(AIM OF THE TASK) The part below that opens with the line containing "Cape Fear Naturals" and closes with the line containing "87. Ministerial-Bekanntmachung, betreffend" should be copied exactly, minus any pictures.

(DATA SHOWN)
▼
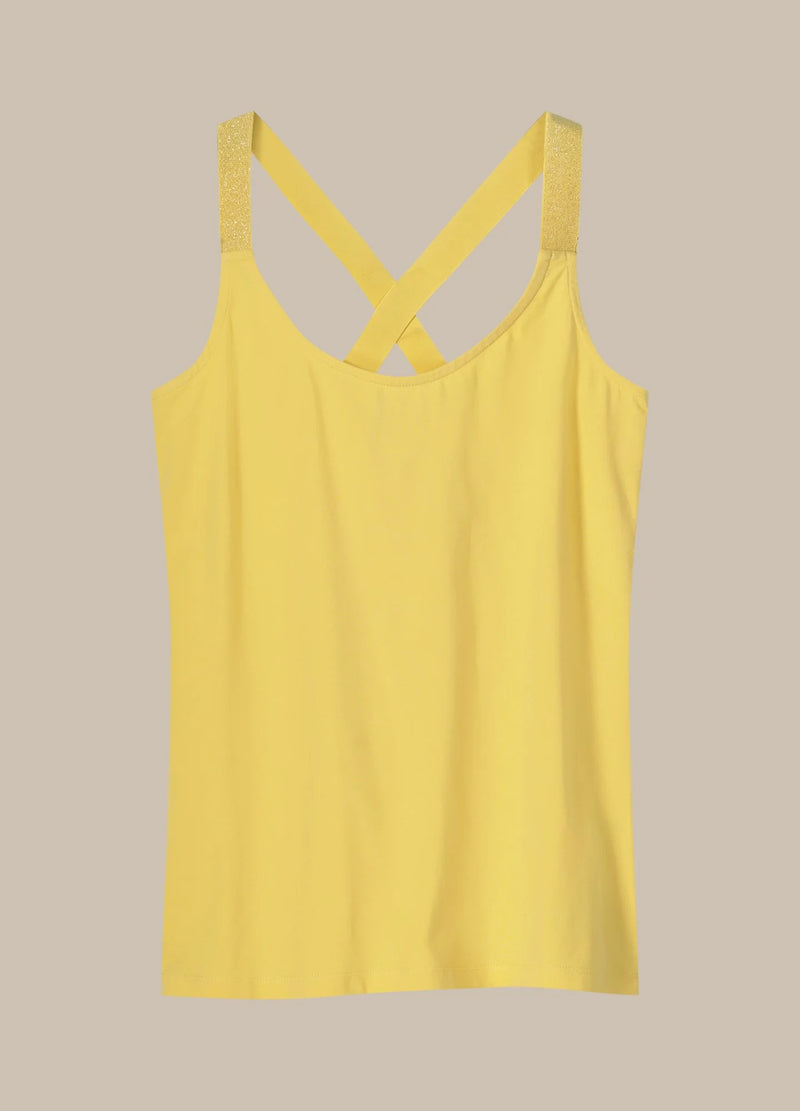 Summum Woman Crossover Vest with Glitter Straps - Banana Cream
▲
▼
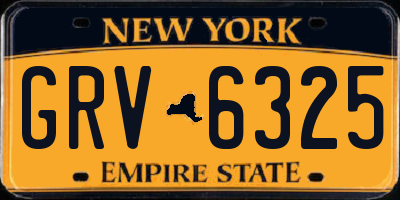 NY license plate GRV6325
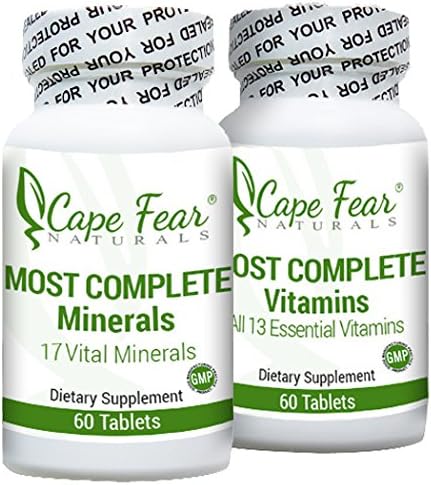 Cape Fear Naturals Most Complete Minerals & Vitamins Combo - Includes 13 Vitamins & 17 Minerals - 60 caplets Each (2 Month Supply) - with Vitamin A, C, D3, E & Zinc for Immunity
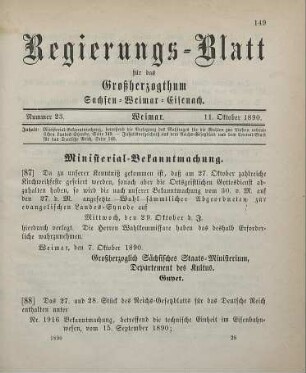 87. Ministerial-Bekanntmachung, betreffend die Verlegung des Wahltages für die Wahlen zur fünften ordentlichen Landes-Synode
▲
(YOUR SOLUTION)
 Cape Fear Naturals Most Complete Minerals & Vitamins Combo - Includes 13 Vitamins & 17 Minerals - 60 caplets Each (2 Month Supply) - with Vitamin A, C, D3, E & Zinc for Immunity
 87. Ministerial-Bekanntmachung, betreffend die Verlegung des Wahltages für die Wahlen zur fünften ordentlichen Landes-Synode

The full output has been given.